Deep Memory Architecture: The module leverages multi-layer perceptrons (MLPs) for its memory, extending beyond simple linear models for richer, non-linear memorization capabilities.
Parallelized Training: The memory training is parallelized to leverage GPU/TPU hardware, reformulating gradient descent to exclusively use matrix multiplications, significantly improving computational efficiency.
Figure 1: The illustration of how the training of neural memory can be done in parallel and using matmuls.

Titans Architectures

Titans extends the neural memory module across three architectural variants—Memory as a Context (MAC), Memory as a Gate (MAG), and Memory as a Layer (MAL)—each variant designed to integrate the memory module differently into the deep learning architecture.

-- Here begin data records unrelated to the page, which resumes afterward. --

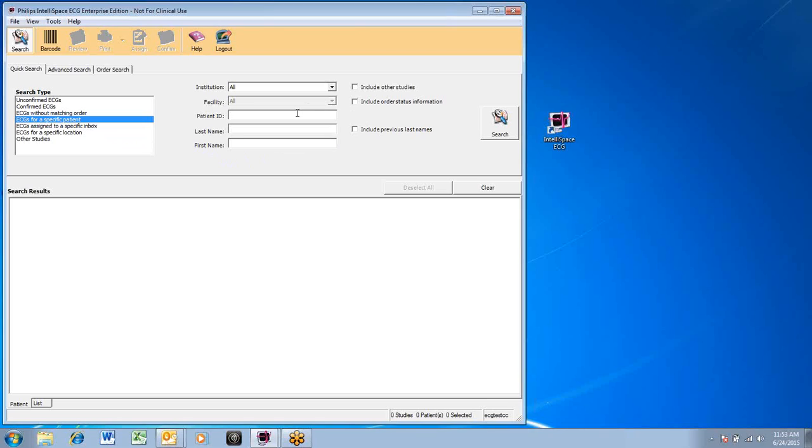Users can enter the MRN number or patient ID number, making sure you include preceding zeros, or you can use the patient's last name and/or first name to narrow down your search.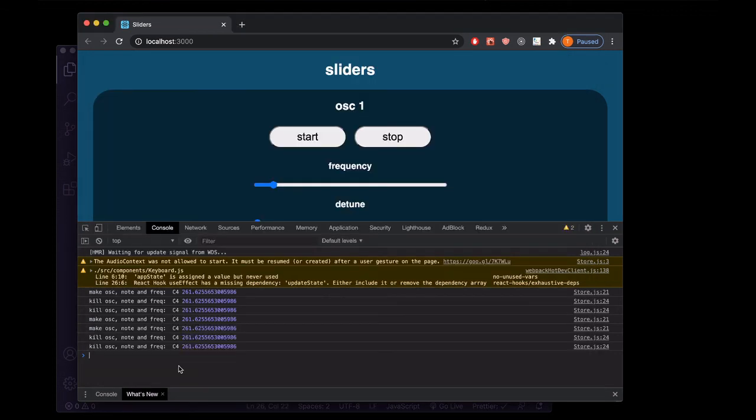Next, we're going to take a look at using the note and frequency that we're getting from make ask and kill ask to make an oscillator and play it when someone presses a key down on our keyboard. And then when they release that key, we're going to use it to stop that oscillator.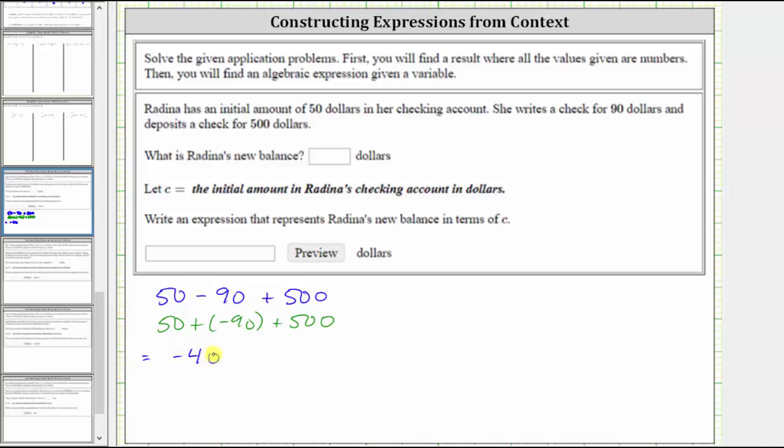This simplifies to negative 40 plus 500, and negative 40 plus 500 equals 460. So Rodina's new balance is $460.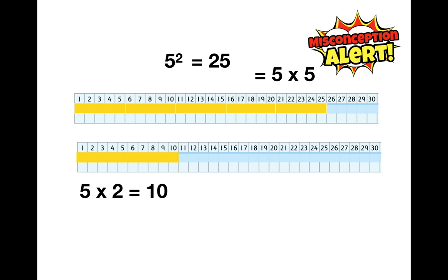So there you go, there's the real key difference between how we write and how we visualize times two and squared. And maybe next time you see a little two that's slightly above the line and you think, oh yeah that means squared, you can picture a square and picture the pieces moving out along the ruler, and you'll be more likely to get it right.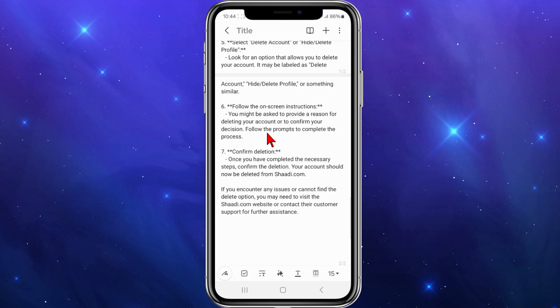On a side note, if you still encounter any issues or cannot find the delete option, you may need to visit the shady.com website or contact their customer support. Tell them you can't delete your account and they'll walk you through it or delete it for you.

MAC Architecture: Utilizes the neural memory as contextual information, augmenting the Transformer attention mechanism. The memory is used to retrieve historical context relevant to the current segment, allowing deeper context integration and decision-making.
Figure 2: Memory as a Context (MAC) Architecture: Displays integration of past memory with core network segments.
MAG Architecture: Employs a gating mechanism that controls memory influence on the core learning module, allowing for dynamic modulation between learned and immediate data.
Figure 3: Memory as a Gate (MAG) Architecture: Demonstrates gating mechanism for integrating memory influence.
MAL Architecture: Embeds the memory module as a modular layer directly within the neural network stack, acting as a preprocessing stage for information compression before application within the main network attention layers.
Figure 4: Memory as a Layer (MAL) Architecture: Exhibits memory layer role in compressing past and present context.

Experimental Evaluation

Titans were evaluated on benchmarks across language modeling, commonsense reasoning, genomics, and time-series forecasting, showcasing their efficacy in handling larger context windows with higher accuracy compared to state-of-the-art Transformer and linear recurrent models. Key results include:

Improved Scaling: Titans scale effectively to context windows larger than 2 million tokens, maintaining accuracy and memory efficiency where other models falter.
Superior Long Context Handling: The neural memory module demonstrates the ability to remember critical long-term dependencies, outperforming models like Transformers and existing recurrent architectures.
Task Performance: Evaluation on tasks such as needle-in-a-haystack and genomics benchmarks reveals higher accuracy and adaptability.

Conclusion

The introduction of Titans and its neural memory module offers significant strides in the scalability and functionality of deep learning architectures. By drawing inspiration from human cognitive processes, Titans bridge the gap between traditional model scaling challenges and the nuanced demands of real-world applications needing extensive contextual understanding and dynamic memory interactions. Future exploration in this domain may focus on optimizing these architectures further for even more diverse and demanding datasets.